127927.fb2 The Last Dragon - читать онлайн бесплатно полную версию книги . Страница 51

The Last Dragon - читать онлайн бесплатно полную версию книги . Страница 51

He was booed. A thousand fists shook at him.

Through it all, Skip King kept his corporate smile fixed as the bars on a prison door. He raised his arms for silence. This time, the crowd won.

"Keep Brontosaur in Africa! Keep Brontosaur African!"

Then Nancy Derringer slipped to the empty chair at the end of the VIP row.

"Wait a minute," King shouted. "Here's somebody you have to hear." The roar continued unabated. King found the volume control, set it to max, and said, "May I present the foremost authority on dinosaurs in the universe, the lovely Nancy Derringer!"

While the crowd was covering its ears, he waved Nancy over.

"Come on, baby," he hissed. "Save the corporation's bacon here."

Nancy stepped up to the microphone as if walking on glass.

"What do I say?" she asked, eyes uncertain.

King kept his hand on the mike. "Anything. Quiet them down. We gotta get out of here before they stampede." He took his hand off the mike and said, "And here she is, as talented as she is built: Nancy Derringer!" Then King beat a hasty retreat to his seat.

Blushing, Nancy addressed the mob.

"I know how you must feel . . ." she began.

The crowd booed.

"But in the interest of science, this is the best way."

They hissed.

"We have facilities in America to humanely house the animal."

They hooted.

"And it's my hope that the Apatosaur will be returned to the wild after a suitable interval of study."

At that, the crowd laughed in derision.

Someone took off their sneaker and threw it. It bounced off the podium. Nancy kept it from toppling with both hands.

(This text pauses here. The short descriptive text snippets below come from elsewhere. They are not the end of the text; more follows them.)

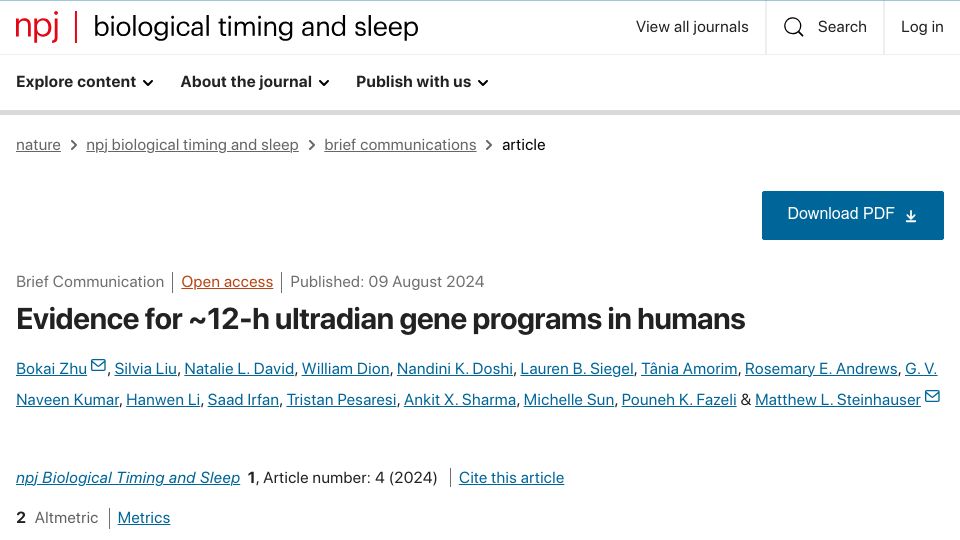 Screenshot of nature.com: Evidence for ~12-h ultradian gene programs in humans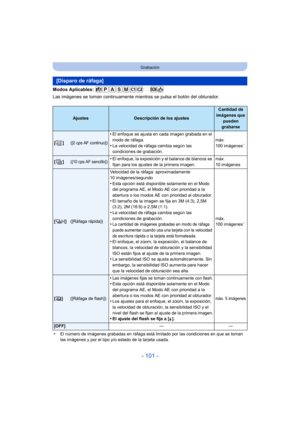 Page 101- 101 -
Grabación
Modos Aplicables: 
Las imágenes se toman continuamente mientras se pulsa el botón del obturador.
¢El número de imágenes grabadas en ráfaga está limitado por las condiciones en que se toman 
las imágenes y por el tipo y/o estado de la tarjeta usada.
[Disparo de ráfaga]
AjustesDescripción de los ajustes
Cantidad de 
imágenes que 
pueden 
grabarse
[]([2 cps AF continuo])
•El enfoque se ajusta en cada imagen grabada en el 
modo de ráfaga.
•La velocidad de ráfaga cambia según las...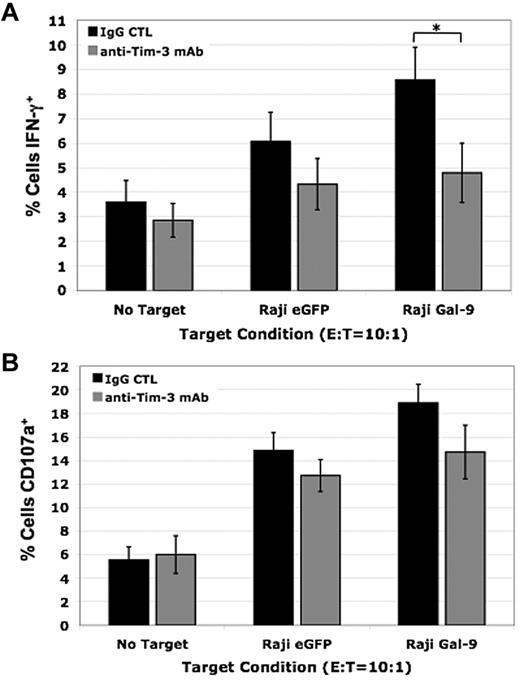 Figure 5. Blocking Tim-3 decreases IFN-γ production in primary human NK cells and has a minimal effect on degranulation. (A-B) IL-12 (1 ng/mL) and IL-18 (10 ng/mL) activated PBMCs were coincubated with Raji eGFP and Raji Gal-9 target cell lines in the presence of a blocking Tim-3 mAb or isotype control for 5 hours at an E:T ratio of 10:1. (A) Intracellular IFN-γ production (*P < .05, n = 6) and (B) CD107a expression (n = 6) was determined by FACS analysis (error bars represent SEM).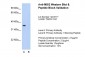 MSI2 antibody - N-terminal region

"Really, you must try to understand. This is for the animal's welfare."

"Boo!" someone shouted. "You are going to slaughter it and feed rich Americans the meat."

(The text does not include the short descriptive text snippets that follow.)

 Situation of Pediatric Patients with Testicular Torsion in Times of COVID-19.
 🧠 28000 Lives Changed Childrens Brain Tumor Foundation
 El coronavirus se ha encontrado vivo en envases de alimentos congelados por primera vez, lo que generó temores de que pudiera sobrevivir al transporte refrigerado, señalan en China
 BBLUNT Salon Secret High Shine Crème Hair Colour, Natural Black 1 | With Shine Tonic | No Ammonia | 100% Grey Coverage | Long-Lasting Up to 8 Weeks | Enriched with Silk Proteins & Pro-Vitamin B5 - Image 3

"Oh, be serious. Who told you that?"

"I have read this in the International Enquirer."

"Oh, come on."

A rock sailed up and landed on the tiny bald spot at the top of Skip King's head.

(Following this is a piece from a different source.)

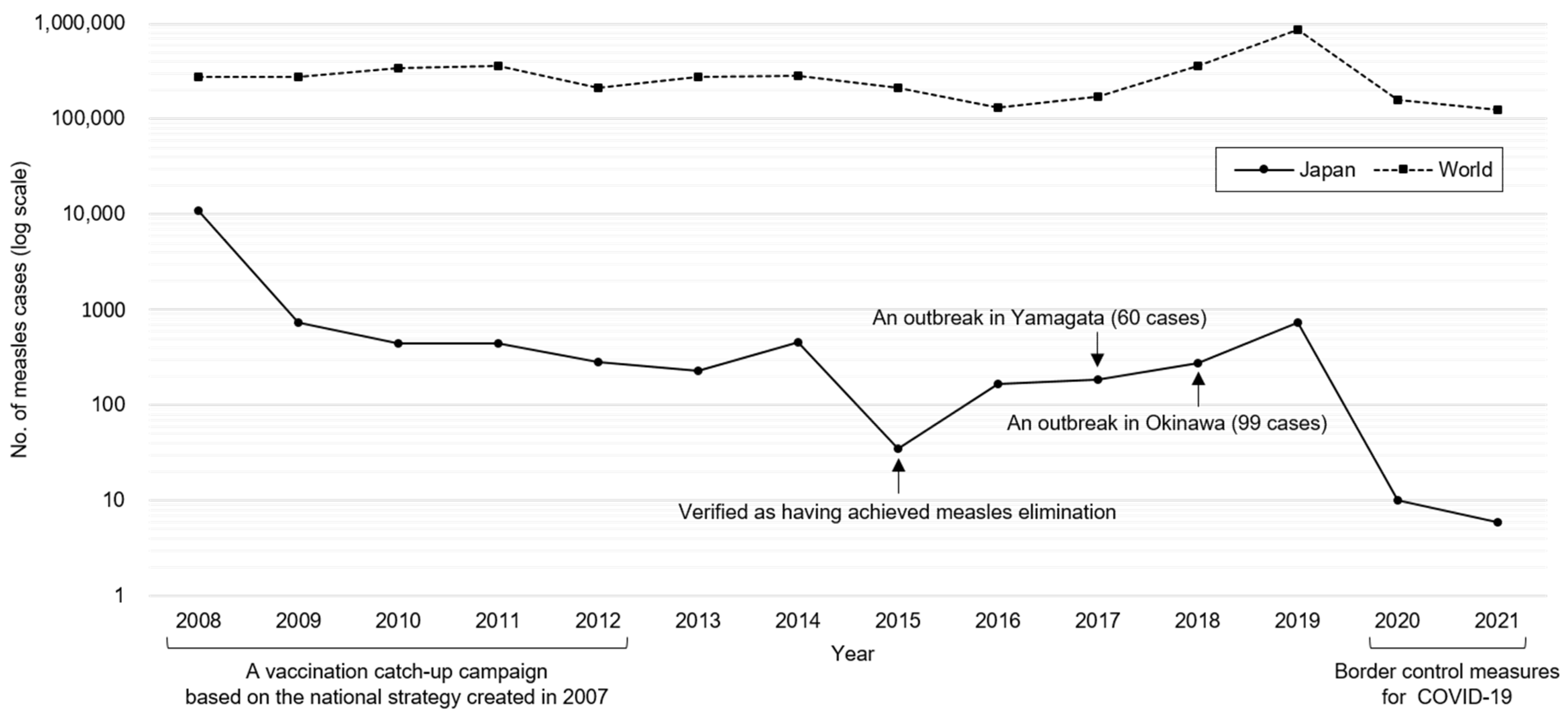Viruses 15 00171 g002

"Oww!" he cried, jumping up with both hands covering his head.

The skies rained hard objects.

King turned to President Oburu. "Do something!"

The president turned to his nephew, the minister of the interior, and spoke rapidly. The minister of the interior leaned over to his son, the deputy minister, who then consulted briefly with his half brother, the chief of the secret police, who stood up and lifted a silver whistle hanging from a gold chain about his thick neck and blew into it.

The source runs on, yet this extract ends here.